* [Data for this exercise]
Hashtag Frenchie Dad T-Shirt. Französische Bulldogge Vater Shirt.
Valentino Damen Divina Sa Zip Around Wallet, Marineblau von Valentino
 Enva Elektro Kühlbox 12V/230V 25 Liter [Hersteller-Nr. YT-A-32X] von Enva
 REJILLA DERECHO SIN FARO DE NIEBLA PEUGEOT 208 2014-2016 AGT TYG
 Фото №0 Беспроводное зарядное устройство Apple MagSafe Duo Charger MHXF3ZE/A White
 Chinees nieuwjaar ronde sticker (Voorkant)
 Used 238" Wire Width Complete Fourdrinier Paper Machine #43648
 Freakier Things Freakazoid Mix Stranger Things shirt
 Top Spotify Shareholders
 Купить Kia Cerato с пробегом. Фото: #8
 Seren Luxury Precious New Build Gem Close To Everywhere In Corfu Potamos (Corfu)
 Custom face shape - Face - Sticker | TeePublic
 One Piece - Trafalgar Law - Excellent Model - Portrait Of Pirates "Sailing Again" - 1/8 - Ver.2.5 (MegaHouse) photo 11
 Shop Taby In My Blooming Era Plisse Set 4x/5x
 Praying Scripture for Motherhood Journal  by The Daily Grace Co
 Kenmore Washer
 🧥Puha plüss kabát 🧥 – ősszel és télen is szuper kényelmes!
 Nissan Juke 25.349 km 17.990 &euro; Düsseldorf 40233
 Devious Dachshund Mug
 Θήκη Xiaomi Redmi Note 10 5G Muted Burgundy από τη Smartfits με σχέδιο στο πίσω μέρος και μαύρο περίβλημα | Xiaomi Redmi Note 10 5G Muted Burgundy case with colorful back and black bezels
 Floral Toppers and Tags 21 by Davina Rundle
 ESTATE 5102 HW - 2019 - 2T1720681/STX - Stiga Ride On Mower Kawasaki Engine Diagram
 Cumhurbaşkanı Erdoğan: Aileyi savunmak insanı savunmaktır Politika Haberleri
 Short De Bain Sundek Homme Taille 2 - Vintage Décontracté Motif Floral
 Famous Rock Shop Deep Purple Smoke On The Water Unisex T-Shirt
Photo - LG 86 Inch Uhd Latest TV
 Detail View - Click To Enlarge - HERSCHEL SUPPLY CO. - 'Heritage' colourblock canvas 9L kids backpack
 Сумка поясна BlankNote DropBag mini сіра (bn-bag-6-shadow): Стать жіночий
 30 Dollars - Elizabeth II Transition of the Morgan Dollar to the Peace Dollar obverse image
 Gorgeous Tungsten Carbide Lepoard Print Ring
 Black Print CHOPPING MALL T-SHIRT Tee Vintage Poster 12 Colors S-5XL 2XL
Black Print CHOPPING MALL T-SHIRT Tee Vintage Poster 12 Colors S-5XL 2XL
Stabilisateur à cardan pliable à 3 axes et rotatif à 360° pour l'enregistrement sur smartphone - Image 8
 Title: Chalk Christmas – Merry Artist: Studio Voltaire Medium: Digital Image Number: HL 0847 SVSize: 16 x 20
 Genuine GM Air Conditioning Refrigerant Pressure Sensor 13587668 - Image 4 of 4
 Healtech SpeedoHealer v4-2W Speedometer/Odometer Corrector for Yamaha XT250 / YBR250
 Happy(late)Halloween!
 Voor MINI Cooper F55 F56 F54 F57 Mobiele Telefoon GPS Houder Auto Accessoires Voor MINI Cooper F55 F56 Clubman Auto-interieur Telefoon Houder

* [Exercise description]
Print, exactly as written, the first line of the records above and each line after it until the line with "Фото №0 Беспроводное", which is printed too.

* [Reply]
Hashtag Frenchie Dad T-Shirt. Französische Bulldogge Vater Shirt.
Valentino Damen Divina Sa Zip Around Wallet, Marineblau von Valentino
 Enva Elektro Kühlbox 12V/230V 25 Liter [Hersteller-Nr. YT-A-32X] von Enva
 REJILLA DERECHO SIN FARO DE NIEBLA PEUGEOT 208 2014-2016 AGT TYG
 Фото №0 Беспроводное зарядное устройство Apple MagSafe Duo Charger MHXF3ZE/A White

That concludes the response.